インセンティブにおける問題

 こちらこちらインセンティブについて書かれています。私もそれらにインスピレーションを受けまして、一言、二言。

【評価が難しい問題】
 会社の利益が増加しました。何が良かったのか?
 経営者か、従業員の努力か、景気か。
 会社の利益が減少しました。何が悪かったのか?
 経営者か、従業員の努力か、景気か。
 本当に何が良かったかの判断は非常に難しいです。
 また、短期的には良いことでも、長期的には悪いことがあります。そして、その逆もあります。
 ソニーの出井氏は、就任当初、プレイステーションが絶好調だったため、名経営者と言われていましたが、晩年はソニー凋落の原因を作ったと言われています。
 美味しい実を得た場合、本当の功労者は、木を植えて木に栄養を与えた前任者でしょうか、木から実を取った人の功績でしょうか?
 前任者でしょう。
 ちょっと考えれば判るのですが、就任当初、収益が良い場合、前任者の功績です。しかし、多くの人はそうは考えません。
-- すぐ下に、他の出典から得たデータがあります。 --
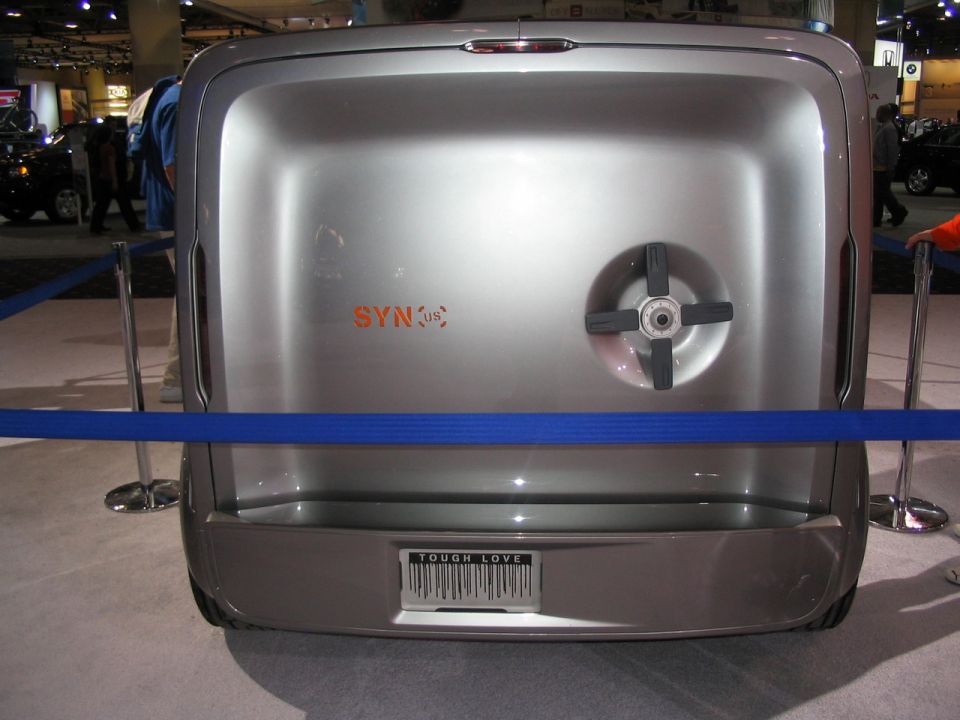 Rear view of a silver concept vehicle with "SYN:us" badging and a "TOUGH LOVE" license plate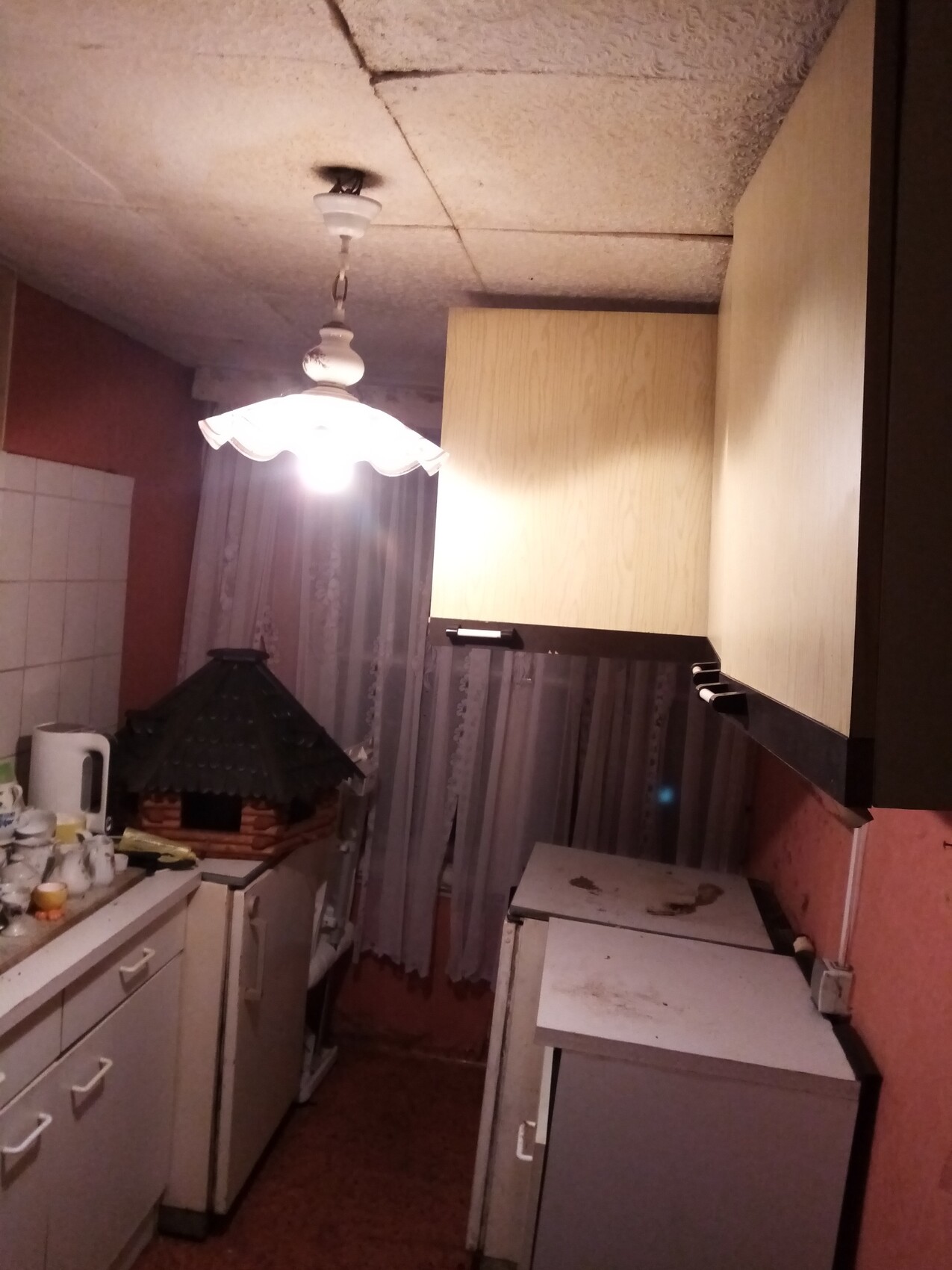 Küche mit einer hängenden Lampe, weißen Schränken und Holzhaus-Deko auf der Arbeitsfläche.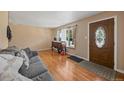 Bright living room with wood-look floors, a sofa, and a front door with an oval window at 11192 E 7Th Ave, Aurora, CO 80010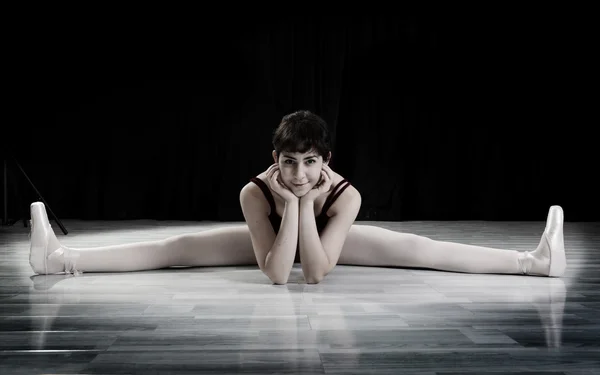 Teen girl ballerina doing split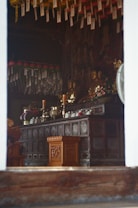 An indoor shrine with intricate wooden carvings and multiple Buddha statues. The shrine is adorned with various offerings, including candles, flowers, and what appears to be incense holders. There are hanging decorations with written prayers.
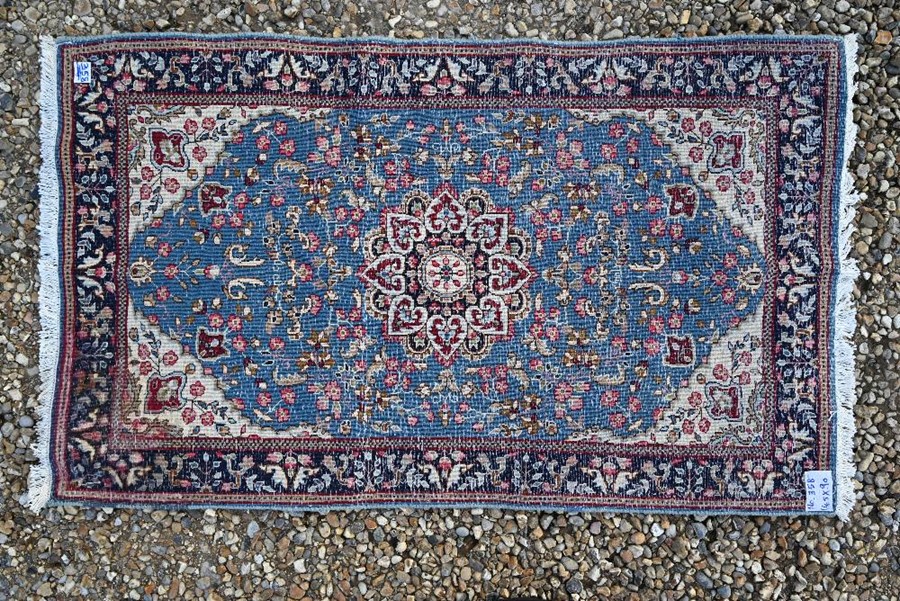 A Persian Kerman rug - Image 2 of 2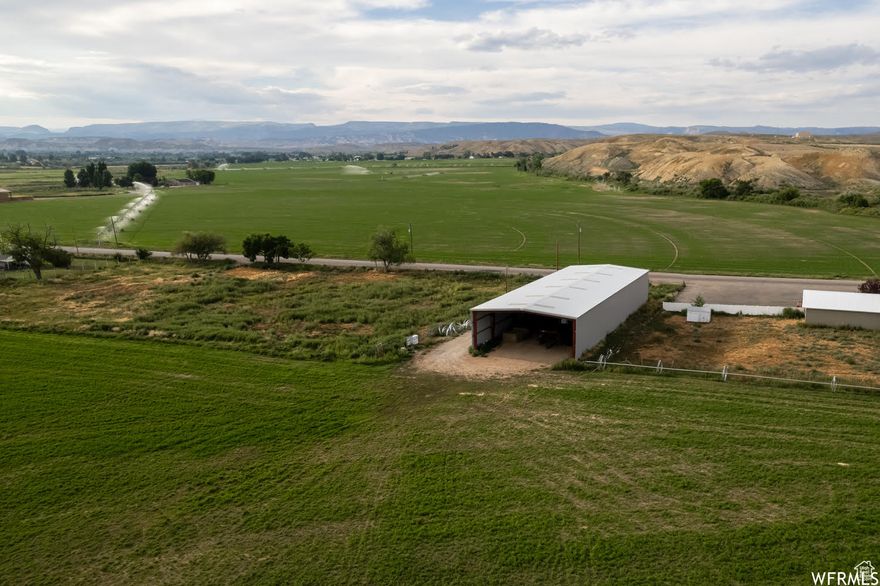 This fully fenced acreage would be prime horse pasture property, farming ground for anyone wishing to raise crops or an incredible place to escape and build your dream home.  Acreage includes large frontage for endless options.  Power already stubbed to property.  Includes power pivot irrigation water line.  Includes one irrigation wheel line .Includes well/spring water options.  Well Certificates 45-3503, 45-4408, Spring Flow Certificate 45-2022, 4.12 Shares of Rockpoint and 17.5 Shares Rockpoint S Stock. Culinary Water hookup on property.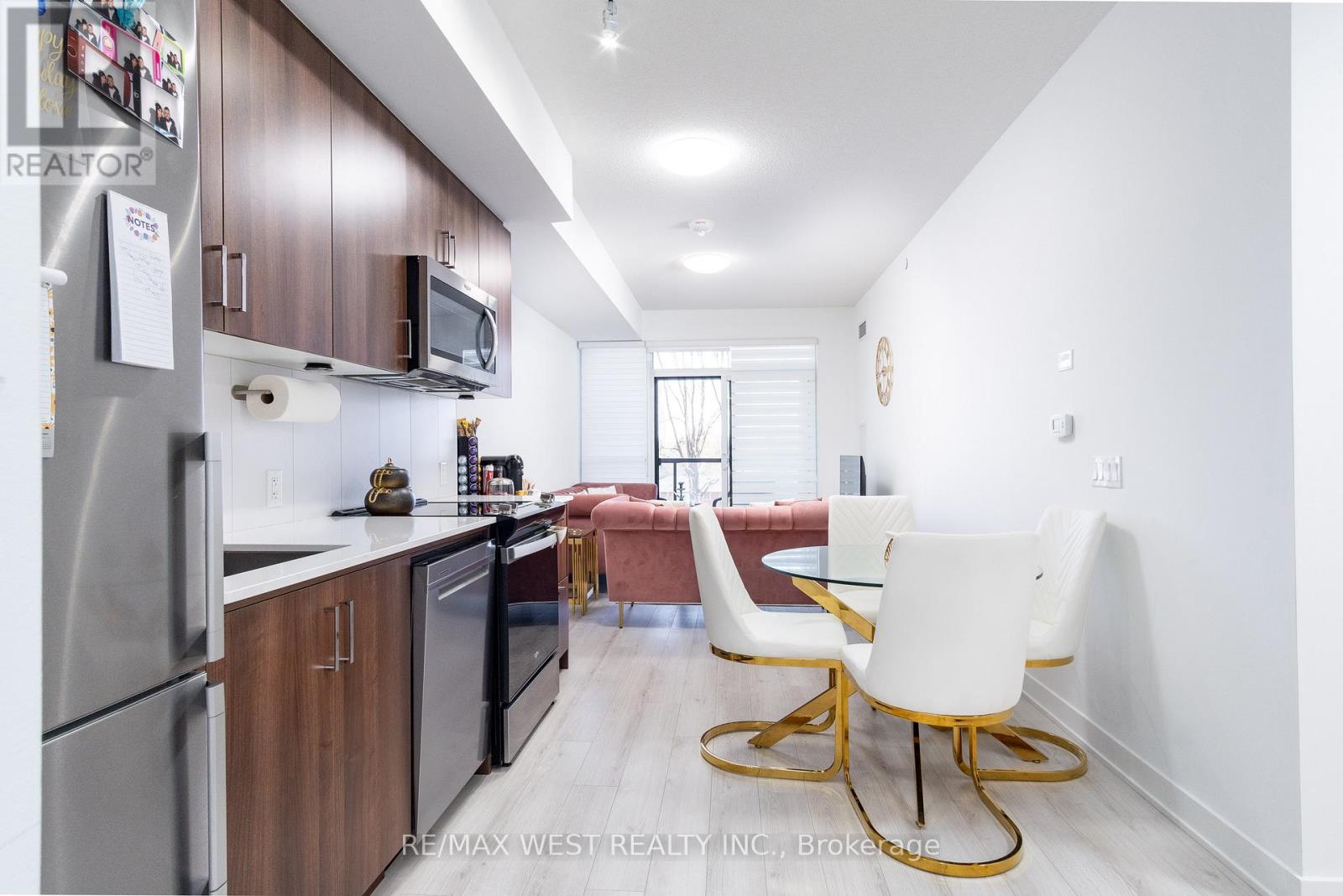 A kitchen with a refrigerator, microwave, and a dining table with chairs.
木から実を取った人の功績とします。
 多くの人は、中長期的に良いことを望むのですが、中長期的に良いことの評価のためには、中長期的な時間が必要になります。
 短期間に中長期的な評価を行うのは、非常に困難です。
 しかし、現実の場、特に会社経営のインセンティブは、短期時間での評価です。その結果、どうあがいても、中長期的には悪いことでも、短期的には良いことを良いと判断します。
 それを避けるためには、行動に対する報酬を、行動直後に与えるのではなく、時間的にヅラす必要性があります。ストックオプションであれば、行使できる量と時間を直後ではなく、数年後に分散させます。

【金銭的インセンティブの問題】
 お金のためにやっているという意識は、仕事に対する満足を低下させる危険性がある。
 人間には、認知的不協和(?)というものがあり、自分のやっていることは正しいんだと思いたがり、そして、その理由を求めます。
 極端な話、賃金が安い、かつ、仕事しなければならない場合、使命感や「私はこの仕事が好きなんだ」という理由・動機付けを行います。
 それに対して、賃金が高い、かつ、仕事しなければならない場合、「私はお金のために仕事しているんだ」という理由・動機付けを行います。
 「私はお金のために仕事しているんだ」は、使命感や「私はこの仕事が好きなんだ」という理由・動機付けに比べますと、仕事に対する満足度が低下して、やらされ感が強くなる危険性があります。